Detecting and correcting automatic speech recognition errors with a new model


Arslan R. S., Barışçı N., Arıcı N., Kocer S.

TURKISH JOURNAL OF ELECTRICAL ENGINEERING AND COMPUTER SCIENCES, cilt.29, sa.5, ss.2298-2311, 2021 (SCI-Expanded) identifier identifier identifier

  • Yayın Türü: Makale / Tam Makale
  • Cilt numarası: 29 Sayı: 5
  • Basım Tarihi: 2021
  • Doi Numarası: 10.3906/elk-2010-117
  • Dergi Adı: TURKISH JOURNAL OF ELECTRICAL ENGINEERING AND COMPUTER SCIENCES
  • Derginin Tarandığı İndeksler: Science Citation Index Expanded (SCI-EXPANDED), TR DİZİN (ULAKBİM)
  • Sayfa Sayıları: ss.2298-2311
  • Anahtar Kelimeler: Automatic speech recognition, automatic speech recognition error correction, artificial intelligence, alternative hypothesis suggestion, natural language processing
  • Gazi Üniversitesi Adresli: Evet

Özet

The purpose of automatic speech recognition (ASR) systems is to recognize speech signals obtained from people and convert them into text so that they can be processed by a computer. Although many ASR applications are versatile and widely used in the real world, they still generate relatively inaccurate results.
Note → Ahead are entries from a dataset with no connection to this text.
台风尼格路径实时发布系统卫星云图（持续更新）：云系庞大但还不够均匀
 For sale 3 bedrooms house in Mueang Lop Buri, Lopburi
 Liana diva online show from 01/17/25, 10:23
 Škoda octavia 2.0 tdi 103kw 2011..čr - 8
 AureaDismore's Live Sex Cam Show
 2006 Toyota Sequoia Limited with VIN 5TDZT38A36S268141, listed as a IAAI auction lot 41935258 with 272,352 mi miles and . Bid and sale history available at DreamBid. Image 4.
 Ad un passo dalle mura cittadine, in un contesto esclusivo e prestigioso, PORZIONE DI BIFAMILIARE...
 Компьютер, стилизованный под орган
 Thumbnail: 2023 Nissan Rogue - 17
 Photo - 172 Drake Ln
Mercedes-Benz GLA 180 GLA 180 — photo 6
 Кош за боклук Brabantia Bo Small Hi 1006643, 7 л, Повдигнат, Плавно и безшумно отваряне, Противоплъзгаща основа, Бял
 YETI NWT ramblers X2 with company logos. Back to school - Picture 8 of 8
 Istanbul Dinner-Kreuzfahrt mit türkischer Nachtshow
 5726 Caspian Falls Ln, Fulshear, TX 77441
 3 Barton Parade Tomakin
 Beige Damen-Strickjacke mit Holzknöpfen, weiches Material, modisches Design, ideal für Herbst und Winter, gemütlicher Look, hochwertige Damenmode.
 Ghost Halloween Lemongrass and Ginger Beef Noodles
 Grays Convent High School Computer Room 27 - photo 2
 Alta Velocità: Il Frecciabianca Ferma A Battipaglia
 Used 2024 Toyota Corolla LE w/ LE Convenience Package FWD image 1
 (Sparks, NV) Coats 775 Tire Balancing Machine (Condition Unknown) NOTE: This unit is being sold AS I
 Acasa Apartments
They tend to generate spelling errors in recognized words, especially in noisy environments, in situations where the vocabulary size is increased, and at times when the input speech is of poor quality. The permanent presence of errors in ASR systems has led to the need to find alternative methods for automatic detection and correction of such errors. In this study, the basic principles of ASR evaluation are first summarized, and then a new approach based on the suggestion of an alternative hypothesis is proposed for the detection and correction of these errors generated by ASR systems. The proposed method involves a series of processes such as identifying incorrect words, selecting the ones that can be corrected, and identifying candidate words to replace these words. As a result of the tests carried out by creating different test environments, significant performance improvements for Turkish were achieved and an average of 4.60 % performance improvement was provided.